Supplied information:
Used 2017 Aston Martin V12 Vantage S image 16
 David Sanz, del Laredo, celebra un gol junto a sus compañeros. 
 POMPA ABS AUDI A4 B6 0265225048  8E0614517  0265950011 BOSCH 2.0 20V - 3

Task statement:
Every line above should be reproduced precisely.

Answer space:
Used 2017 Aston Martin V12 Vantage S image 16
 David Sanz, del Laredo, celebra un gol junto a sus compañeros. 
 POMPA ABS AUDI A4 B6 0265225048  8E0614517  0265950011 BOSCH 2.0 20V - 3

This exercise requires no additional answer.